- BRIEF: Please retype the listing below word for word and exclude its images.

- COLLECTED DATA:
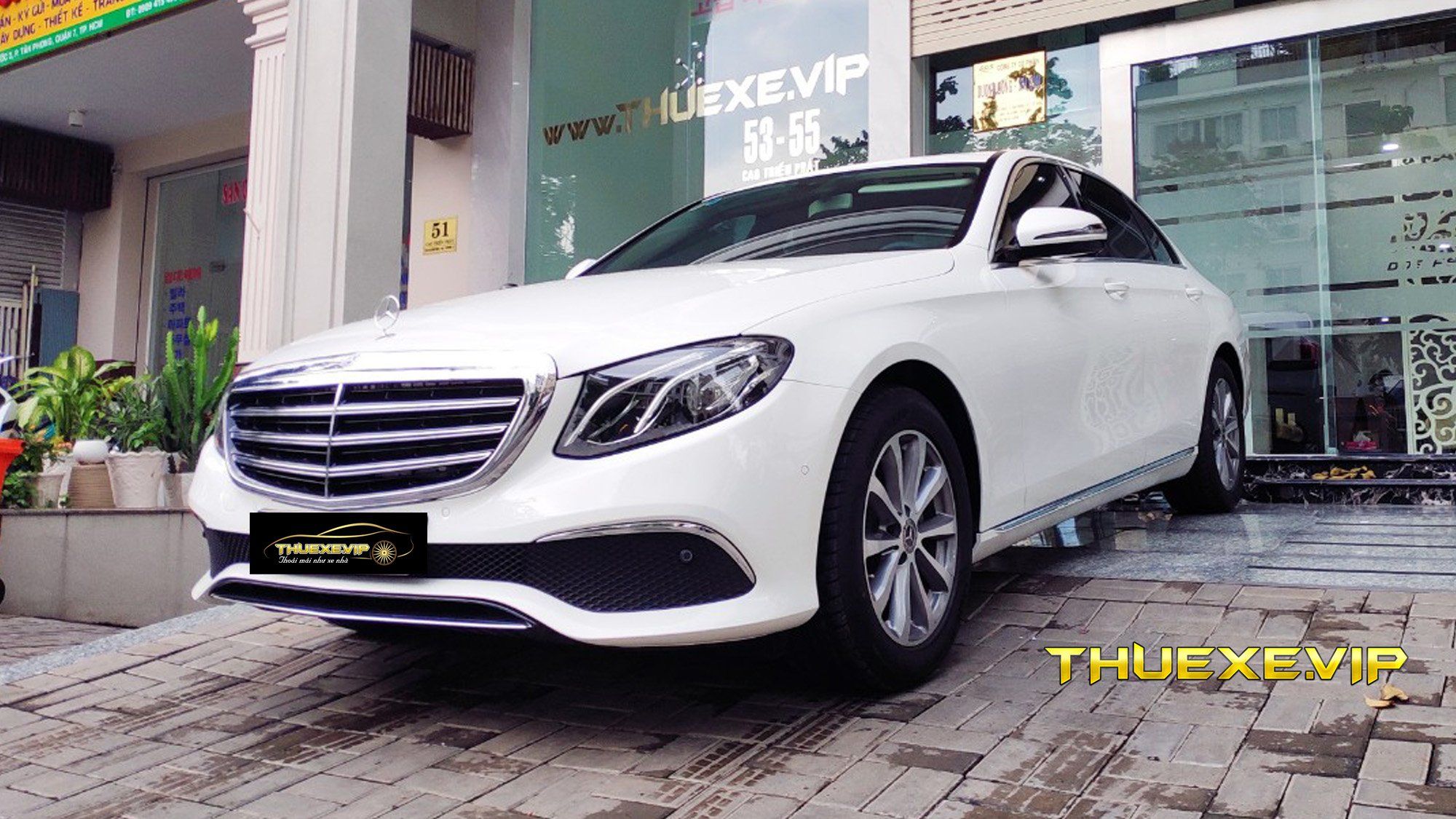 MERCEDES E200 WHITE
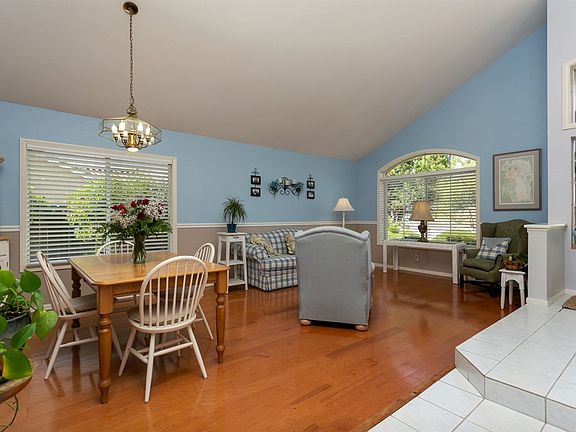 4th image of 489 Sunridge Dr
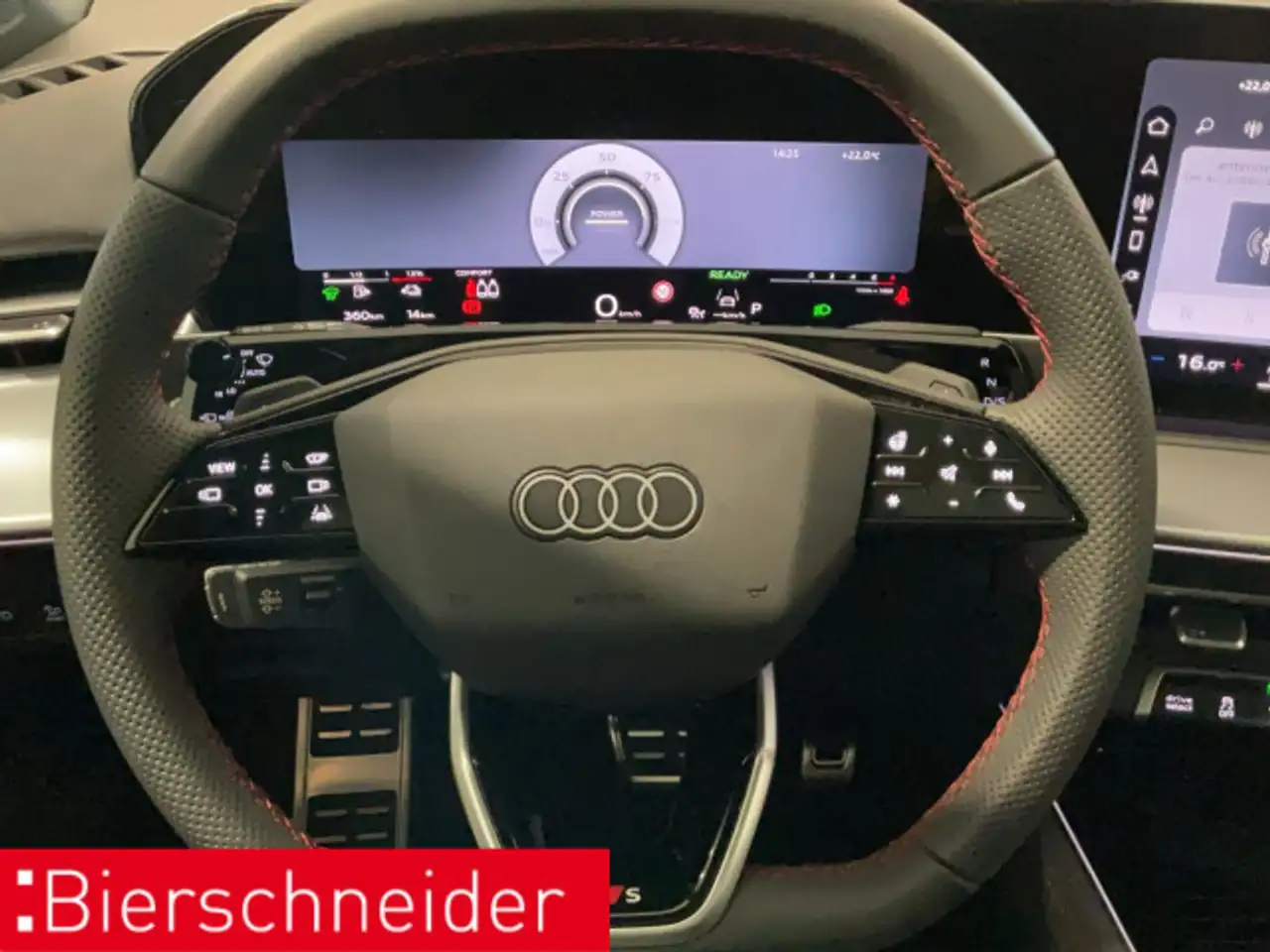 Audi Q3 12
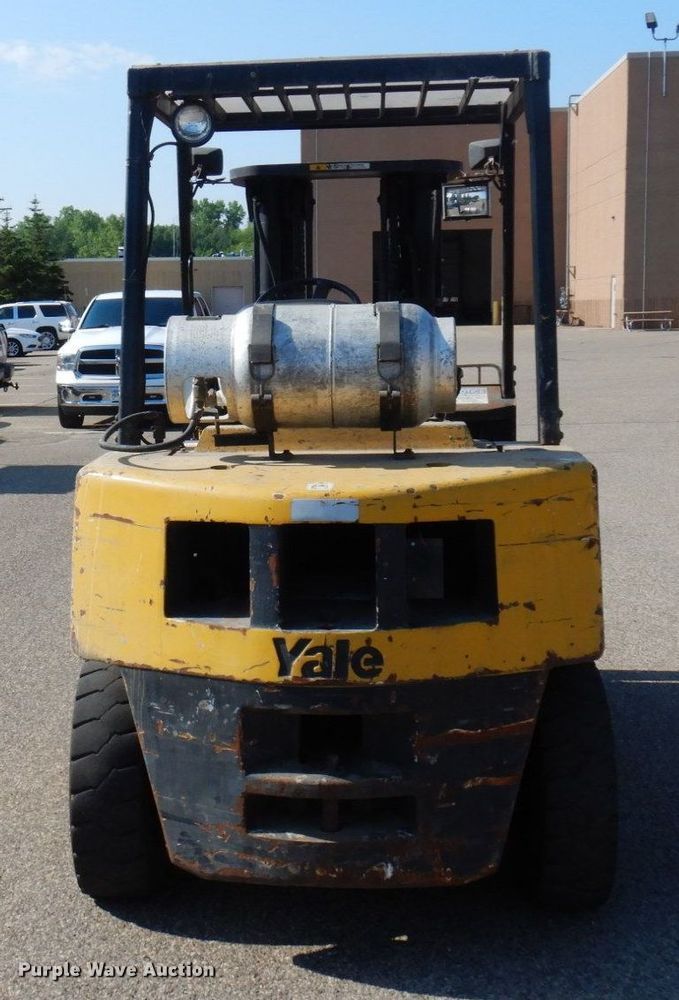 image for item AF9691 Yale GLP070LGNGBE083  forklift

- SOLUTION FOR THIS PROBLEM:
 MERCEDES E200 WHITE
 4th image of 489 Sunridge Dr
 Audi Q3 12
 image for item AF9691 Yale GLP070LGNGBE083  forklift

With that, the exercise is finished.